The black cup is hot.
I would drink from the black cup.
But still the cup is hot.
May 24, 2015
Life. Cup 3 exploration workshop.
Poem Body
About This Poem
Last Few Words: Haiku is not my bit. Did I get the count correct?
Style/Type: Structured: Eastern
Review Request Direction:
What did you think of my title?
How was my language use?
What did you think of the rhythm or pattern or pacing?
How does this theme appeal to you?
How was the beginning/ending of the poem?
Is the internal logic consistent?
Review Request Intensity: I want the raw truth, feel free to knock me on my back
Editing Stage: Editing - rough draft
Comments
The count is right
The subject, however, lacks focus.
As an example:
"I hold the hot cup,
the tea's soul seeps into mine,
in warmth, we are joined."
The thing about haiku is that it was intended to be an introduction and later d/evolved into a form. It's constraints are many and often inference is stronger than statement.
And...
I am ignorant of it beyond the syllable count (which I'm not too sure of either). I feel about this form the way Stan feels about sonnets. I despise them, but will continue playing when possible in hopes something clicks.
Count IS correct
It's my understanding that there should be a twist though. "were the cup not hot" would be such a minor twist but I suspect you can come up with a better one. ........stan
I cheated.
I gave it a title. Life is hot, but I want to drink from it. However, it is still too hot for me. That was my pathetic twist.
How about this?
Change the last line to
"it is still too hot" or "but it is too hot"
I don't know. :-/
Wes
you can do better.
Alid
I know
You always preferred to tell a tale in hundred lines.

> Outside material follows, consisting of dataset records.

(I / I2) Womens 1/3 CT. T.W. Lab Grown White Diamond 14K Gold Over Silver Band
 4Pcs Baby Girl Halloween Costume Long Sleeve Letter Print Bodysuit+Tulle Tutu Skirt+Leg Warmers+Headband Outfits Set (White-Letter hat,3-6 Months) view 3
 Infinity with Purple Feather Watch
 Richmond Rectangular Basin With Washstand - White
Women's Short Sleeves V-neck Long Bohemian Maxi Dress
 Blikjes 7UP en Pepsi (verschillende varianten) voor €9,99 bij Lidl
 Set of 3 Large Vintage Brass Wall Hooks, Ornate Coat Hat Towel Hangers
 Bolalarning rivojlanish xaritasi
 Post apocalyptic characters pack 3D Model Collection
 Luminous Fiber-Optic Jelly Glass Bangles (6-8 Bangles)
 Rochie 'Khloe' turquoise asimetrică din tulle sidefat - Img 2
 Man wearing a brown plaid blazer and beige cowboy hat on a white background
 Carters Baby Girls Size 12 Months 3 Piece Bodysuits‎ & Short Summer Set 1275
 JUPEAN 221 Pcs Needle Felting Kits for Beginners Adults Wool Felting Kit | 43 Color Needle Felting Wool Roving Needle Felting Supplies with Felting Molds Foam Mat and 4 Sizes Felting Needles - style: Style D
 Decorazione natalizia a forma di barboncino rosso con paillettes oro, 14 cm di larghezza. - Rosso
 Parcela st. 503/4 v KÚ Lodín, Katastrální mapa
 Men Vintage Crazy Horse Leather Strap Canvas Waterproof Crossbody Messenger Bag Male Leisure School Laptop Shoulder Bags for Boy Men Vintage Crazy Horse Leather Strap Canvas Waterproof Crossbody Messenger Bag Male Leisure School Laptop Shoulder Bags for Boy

Why don't you think of it as a little tale?
I agree with the rest. That third line is the weakest in your loop.
I simply do not understand this form beyond the count.
Somebody help me out. What should a haiku... do.
I'm interested in the answer to this question
If I remember correctly, a haiku is supposed to juxtapose two images.
"An old silent pond...
A frog jumps into the pond,
splash! Silence again."
I find that great haiku hint at something greater using the images they present. But that's all I got. I don't really "get" haiku, and, if you don't get it, your poems may just be technically accurate (5-7-5) but won't carry the wit and emotion and insight that makes haiku haiku.
Wes
The syllable count for the last line should be 5 but I counted 6.To rectify it you can use one of William's suggestions or "but it is still hot"
Alid
Haiku
The haiku form was, in the beginning of the form, an introduction for a longer piece, often shared between writers. Seasons and juxtaposition were, indeed, important and punctuation was both eschewed and required at times.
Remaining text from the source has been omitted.